2. CutMap, "Simultaneous Depth and Area Minimization in LUT-Based FPGA Mapping", J. Cong and Y. Hwang, ISFPGA'95 (pdf)
The algorithm is developed based on FlowMap. In the labeling phase, the optimal depth in LUT-mapped solution is calculated for each node. In the mapping phase, the min-height cut is calculated for nodes on critical path while the min-cost K-feasible is calculated for nodes on non-critical path. A heuristic is presented to speed-up cut enumeration. Compared to FlowMap, number of LUTs (area) is reduced by 15%.

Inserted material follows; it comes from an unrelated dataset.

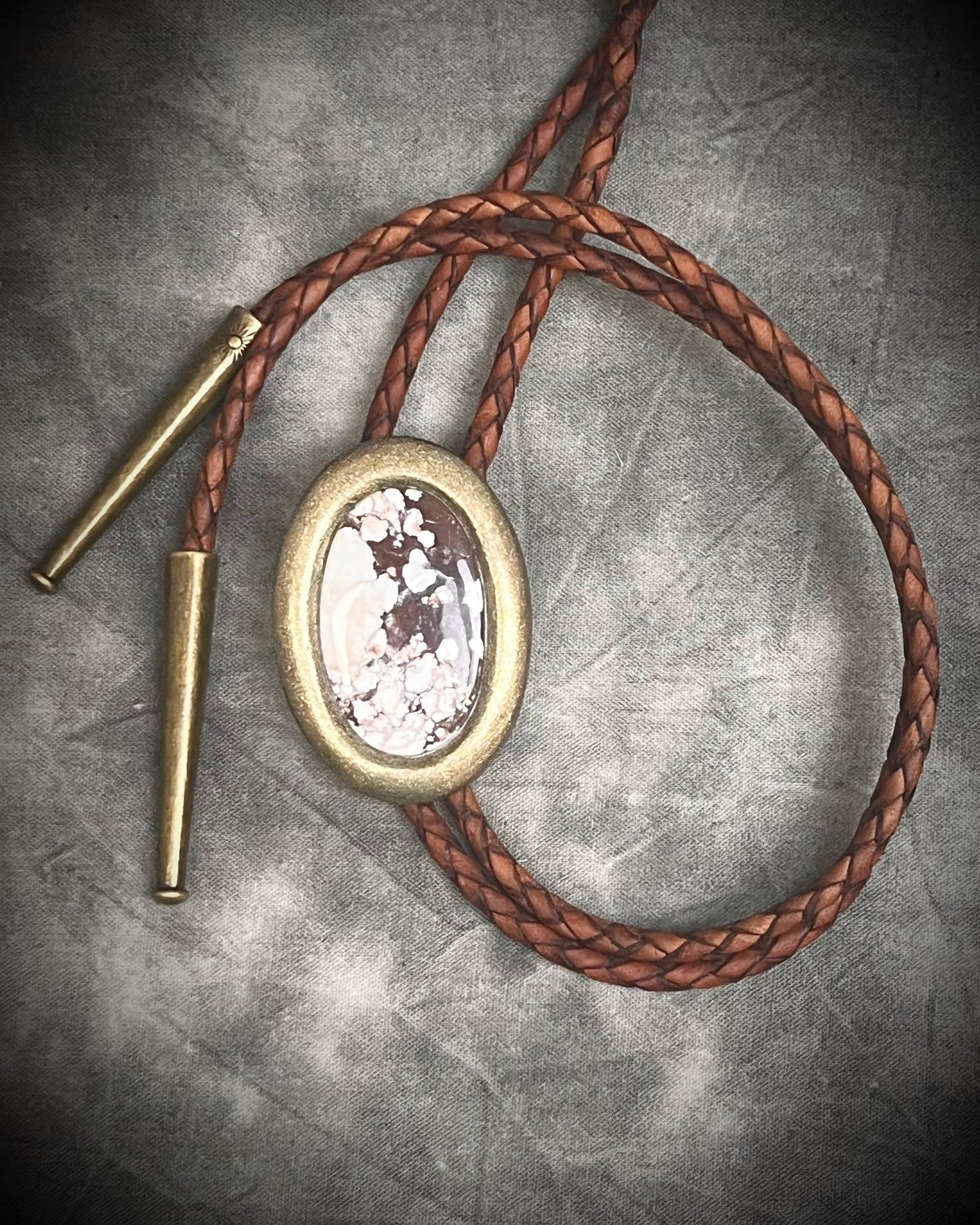 Wild Horse magnesite bolo tie with gold finish on brown leather cord, earthy Western statement jewelry featuring natural patterned stone, handmade bolo tie necklace Baltimore Maryland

3. Efficient cut generation and pruning, "Cut ranking and pruning: enabling a general and efficient FPGA mapping solution", J. Cong and et al, ISFPGA'99 (pdf)
An efficient cut enumeration method is presented. The method is to recursively generate cuts for a node based on the cuts of its fan-in nodes. This method has been used in various state-of-the-art mappers such as [4][5][6][7].

4. Placement driven mapping, "placement-driven technology mapping for LUT-based FPGAs", J. Lin and et al, ISFPGA'03 (pdf)
Given a placement solution and delay models from placement, another mapping solution with placement is generated. Cut generation is based on the mathod in [3]. Delay is updated using look-up table in placement. The algorithm is in iterative fashion and includes labeling and mapping phases. The placement solution may be invalid and is legalized through local refinement including greedy movement and low temperature simulated annealing method.

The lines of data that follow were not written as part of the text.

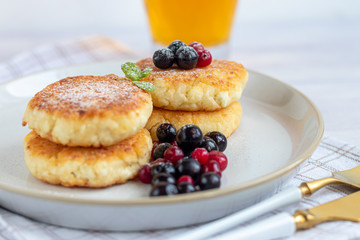 Homemade pancakes with cottage cheese on a white lantern with black currants and cranberries. Breakfast for the whole family. Healthy vegan food concept.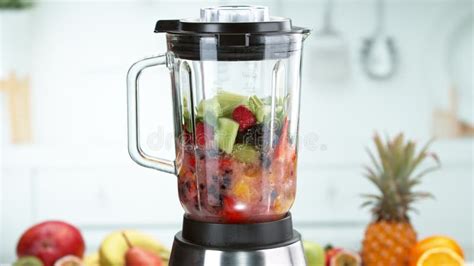 Fresh Fruit and Vegetables Smoothie Blended in Blender, Side View Stock ...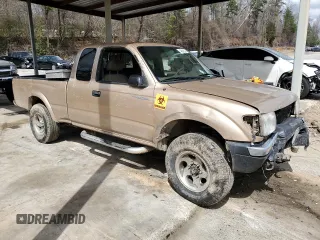 1999 Toyota Tacoma with VIN 4TAWN72NXXZ563507, listed as a Copart auction lot 49888575 with 387,818 mi miles and Salvage title. Bid and sale history available at DreamBid. Image 4.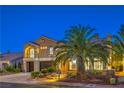 Elegant two-story home with three-car garage, stone accents, arched entry and lush palm trees at 4045 Abernethy Forest Pl, Las Vegas, NV 89141
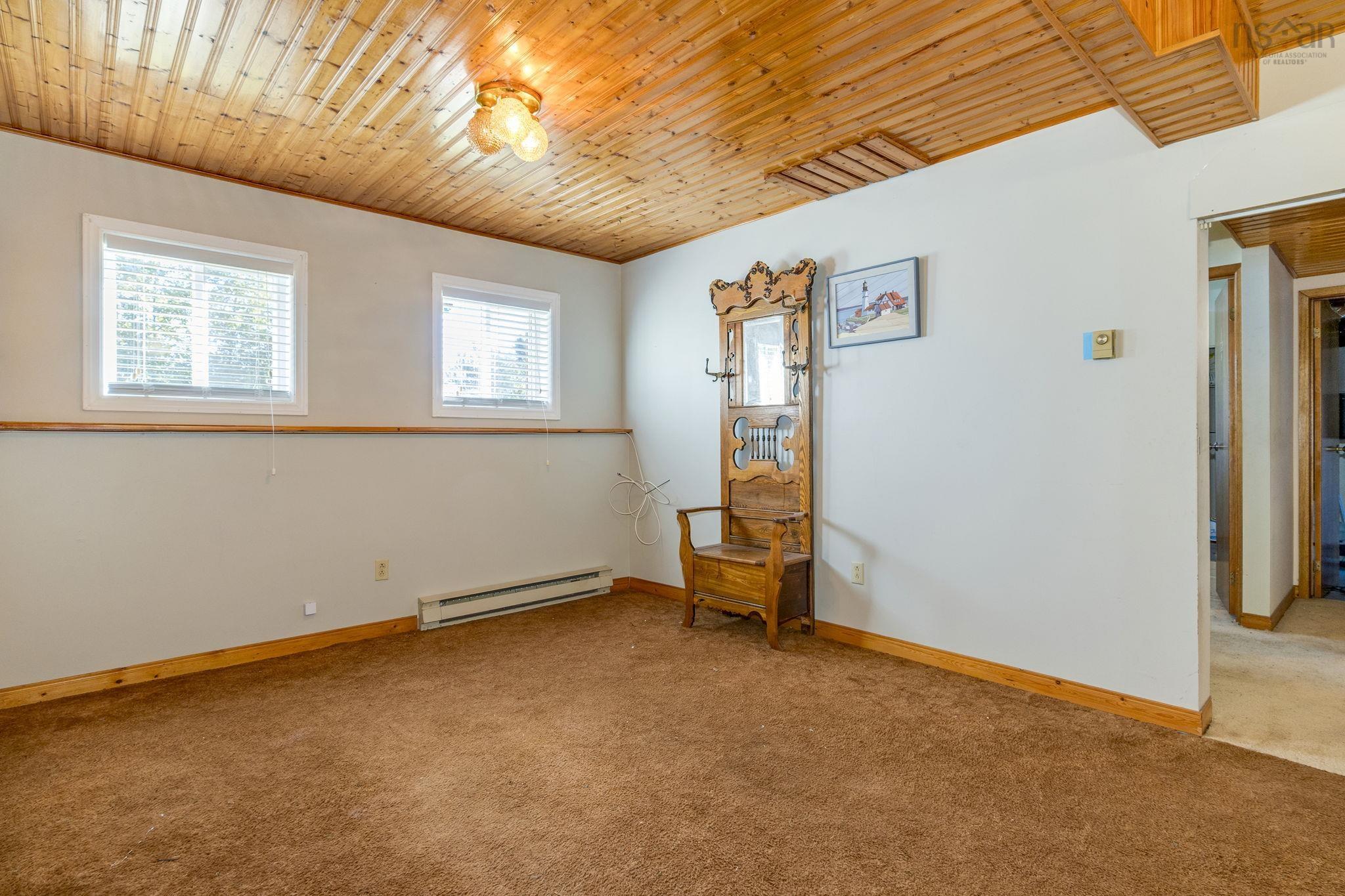 128 Doherty Drive, Lawrencetown, NS (MLS® 202625891) — Tongue-and-groove wood plank ceiling, dual windows with horizontal blinds, wood chair rail, and wall-mounted lighting fixture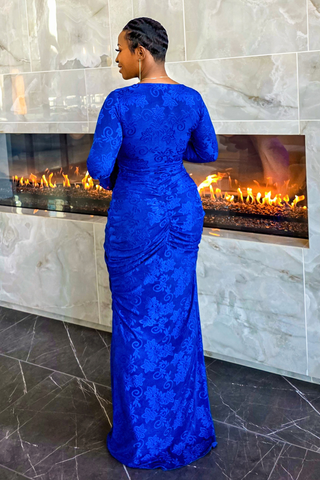 A woman stands with her back to the camera wearing a royal blue lace long-sleeve floor-length gown in front of a modern fireplace with marble walls.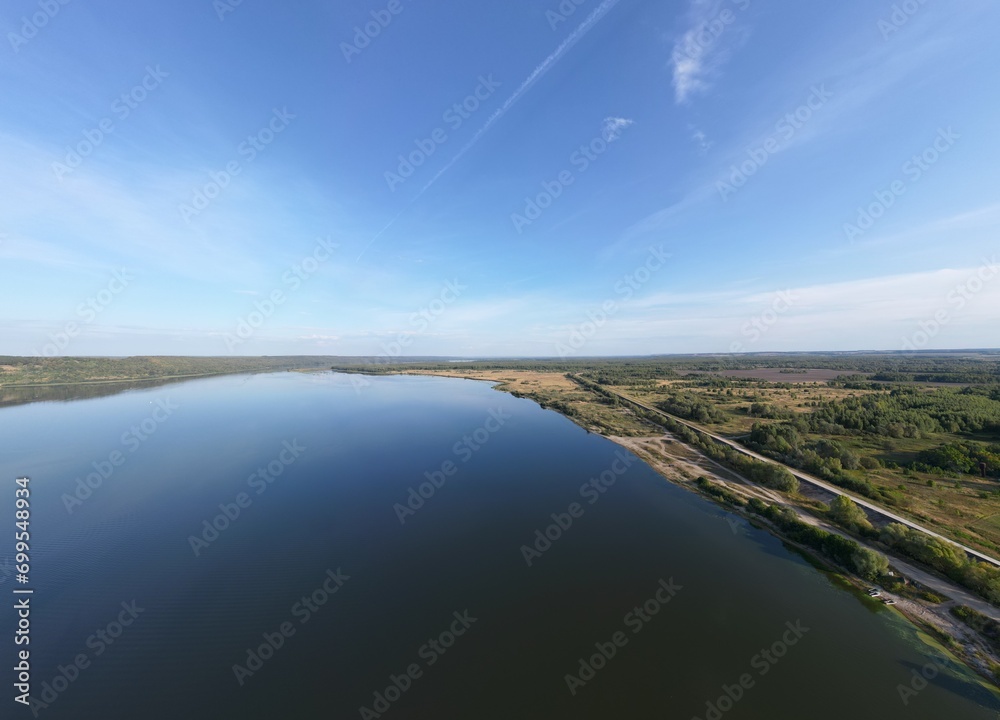 Landscape from a bird's eye view. The river goes beyond the horizon.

5. EMap, power minimization, "On the interaction between power-aware CAD algorithms for FPGAs", S. Wilton and et al, ICCAD'03 (pdf)
The algorithm is developed based on CutMap. Similar to CutMap, the min-height cut is selected for critical nodes but min-cost cut is selected for non-critical nodes. Different from CutMap that only considers area cost, power cost is considered along with area cost as a weighted sum. Nodes with larger activities are absorbed into an LUT. Compared to CutMap, an average of 8% energy saving is achieved. There is virtually no area overhead.

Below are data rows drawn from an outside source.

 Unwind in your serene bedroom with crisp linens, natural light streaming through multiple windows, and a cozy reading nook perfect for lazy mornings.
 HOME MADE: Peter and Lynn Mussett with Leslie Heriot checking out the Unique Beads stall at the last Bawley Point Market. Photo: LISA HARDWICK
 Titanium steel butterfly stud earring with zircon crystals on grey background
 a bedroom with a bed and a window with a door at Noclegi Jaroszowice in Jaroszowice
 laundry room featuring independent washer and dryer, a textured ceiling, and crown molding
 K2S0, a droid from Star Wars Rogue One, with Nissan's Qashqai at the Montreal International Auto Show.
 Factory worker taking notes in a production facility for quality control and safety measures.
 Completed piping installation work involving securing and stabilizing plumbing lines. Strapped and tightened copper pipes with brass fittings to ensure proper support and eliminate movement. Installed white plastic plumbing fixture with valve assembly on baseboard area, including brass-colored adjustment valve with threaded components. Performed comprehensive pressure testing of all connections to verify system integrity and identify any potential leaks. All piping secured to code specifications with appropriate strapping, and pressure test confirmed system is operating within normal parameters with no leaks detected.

6. DAOMap, "DAOMap, a depth-optimal area optimization mapping algorithm for FPGA designs", D. Chen and J. Cong, ICCAD'04 (pdf)
The mapper is an incremental work based on previous work from the same group (i.e. cutmap[2] and cut enumeration technique [3]). Surprisingly,  one key area estimation cost function is almost the same with that in IMap [7]. Besides of various heuristics presented in this paper, DAOMap and IMap achieves similar area and therefore the area estimation may be dominant in the cost function.

7. IMap, "heuristics for area minimization in LUT-based FPGA technology mapping", V. Manohararajah and et al, IWLS'04, (pdf)
The concept of area flow is presented in a recursive way and is proved to be equal to area in non-duplication mapping. In duplication mapping, area flow is updated iteratively to catch the real area and is used to minimize area. Depth is optimized. Compared to CutMap, area is reduced by 13% on average with LUT size of 4. Cuts are enumerated exhaustively, which work fairly well with LUT size less than 5.

8. Adaptive logic module (ALM), "Improving FPGA performance and area using an adaptive logic module", M. Hutton and et al, FPL'04 (pdf)
This paper more focuses on the structure of ALM instead of mapping algorithm. The combinations of an ALM is shown in the following table.
The mapping algorithm is only briefly introduced in a pretty high level due to the confidential information of Altera. The mapper needs to consider number of ALMs instead of number of LUTs, in other words, the packability of a pair of LUTs into an ALM. Verified with large industry designs, ALM reduces area and delay by 15% and 12%, respectively.